Some entries follow. Reproduce exactly the lines starting at the one with "A room with" and stopping after the one with "Nike Court Black".

- _DATASET RECORDS_
-- Opening Marker --

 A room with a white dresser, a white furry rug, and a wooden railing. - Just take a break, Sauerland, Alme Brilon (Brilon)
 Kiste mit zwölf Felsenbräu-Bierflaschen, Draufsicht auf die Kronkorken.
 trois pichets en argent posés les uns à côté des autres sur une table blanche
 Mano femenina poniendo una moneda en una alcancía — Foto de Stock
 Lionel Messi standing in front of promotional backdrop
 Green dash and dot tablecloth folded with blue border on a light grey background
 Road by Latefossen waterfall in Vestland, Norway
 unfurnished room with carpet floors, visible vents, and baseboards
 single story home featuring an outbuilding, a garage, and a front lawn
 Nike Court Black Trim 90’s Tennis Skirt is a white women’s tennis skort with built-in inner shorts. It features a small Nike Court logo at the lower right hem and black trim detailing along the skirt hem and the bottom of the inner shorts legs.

-- Closing Marker --
-- Opening Marker --

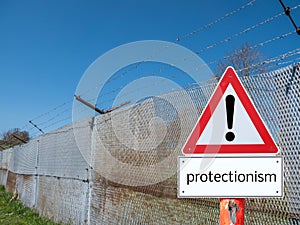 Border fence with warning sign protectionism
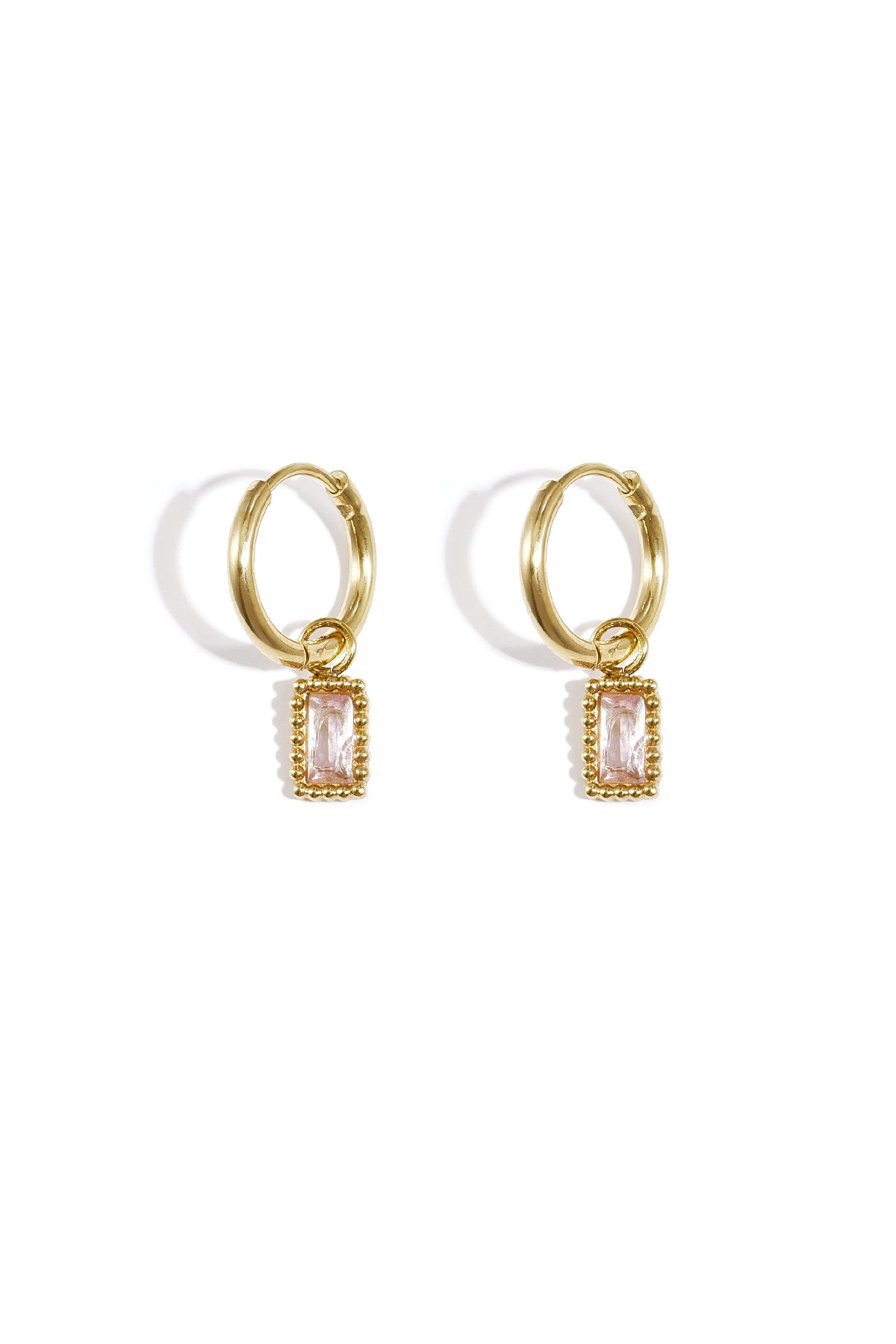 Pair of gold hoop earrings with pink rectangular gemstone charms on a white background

-- Closing Marker --

- _WORKED SOLUTION_
 A room with a white dresser, a white furry rug, and a wooden railing. - Just take a break, Sauerland, Alme Brilon (Brilon)
 Kiste mit zwölf Felsenbräu-Bierflaschen, Draufsicht auf die Kronkorken.
 trois pichets en argent posés les uns à côté des autres sur une table blanche
 Mano femenina poniendo una moneda en una alcancía — Foto de Stock
 Lionel Messi standing in front of promotional backdrop
 Green dash and dot tablecloth folded with blue border on a light grey background
 Road by Latefossen waterfall in Vestland, Norway
 unfurnished room with carpet floors, visible vents, and baseboards
 single story home featuring an outbuilding, a garage, and a front lawn
 Nike Court Black Trim 90’s Tennis Skirt is a white women’s tennis skort with built-in inner shorts. It features a small Nike Court logo at the lower right hem and black trim detailing along the skirt hem and the bottom of the inner shorts legs.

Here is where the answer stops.